Count the number of pattern matches in a string
You can use gregexpr
to find the positions of "CG"
in vec
. We have to check whether there was no match (-1
). The function sum
counts the number of matches.
> vec <- "AAAAAAACGAAAAAACGAAADGCGEDCG"
> sum(gregexpr("CG", vec)[[1]] != -1)
[1] 4
If you have a vector of strings, you can use sapply
:
> vec <- c("ACACACACA", "GGAGGAGGAG", "AACAACAACAAC", "GGCCCGCCGC", "TTTTGTT", "AGAGAGA")
> sapply(gregexpr("CG", vec), function(x) sum(x != -1))
[1] 0 0 0 2 0 0
If you have a list of strings, you can use unlist(vec)

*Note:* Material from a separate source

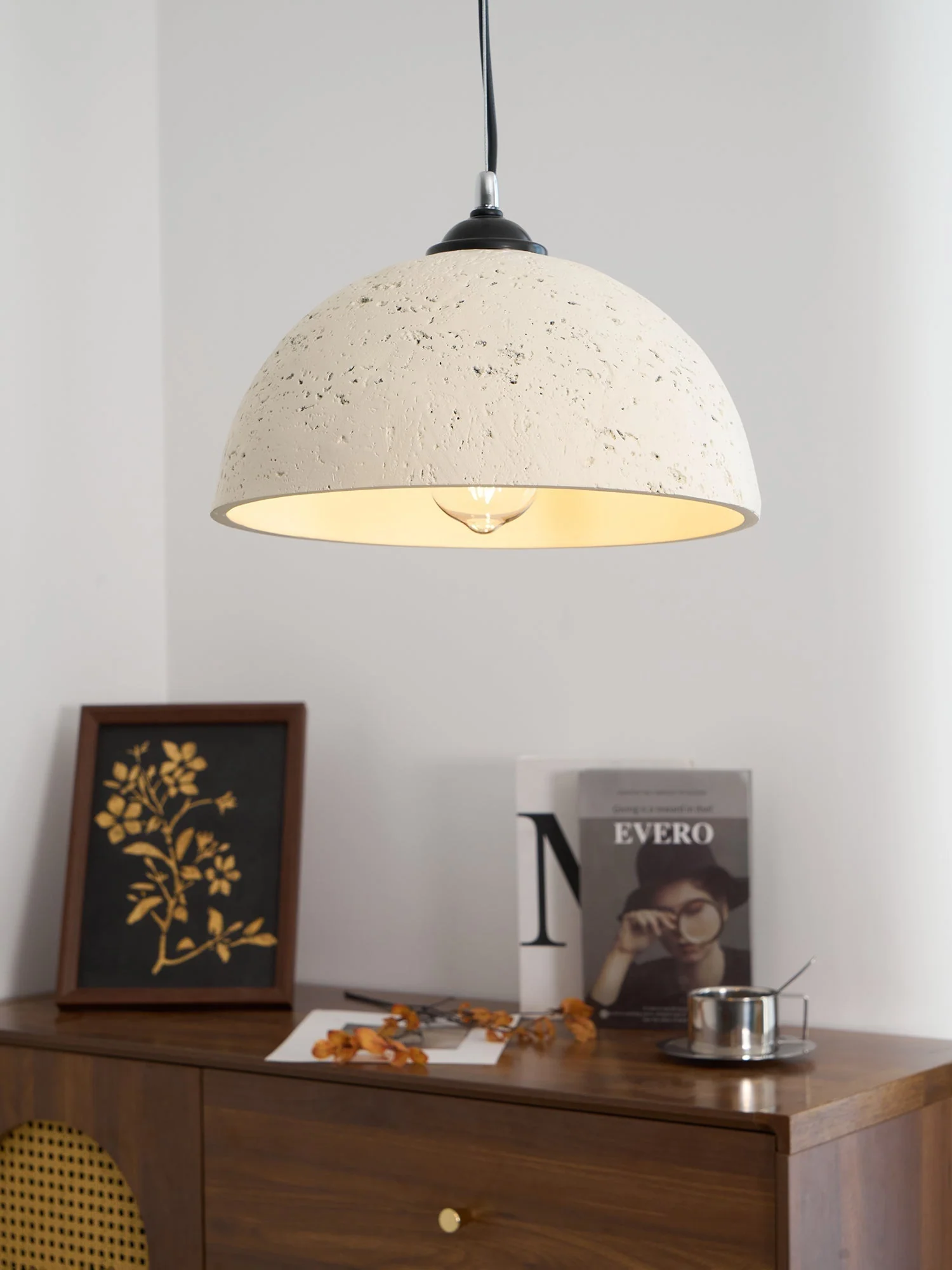 Elorace Classic Retro Pendant Light - Image 26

and then use the solution above.
The Bioconductor package Biostrings has a matchPattern function
countGC <- matchPattern("GC",DNSstring_object)
Note that DNSstring_object
is FASTA sequence read in using the biostring function readDNAStringSet
or readAAStringSet
Use str_count
from stringr
. It's simple to remember and read, though not a base function.
library(stringr)
str_count("AAAAAAACGAAAAAACGAAADGCGEDCG", "CG")
# [1] 4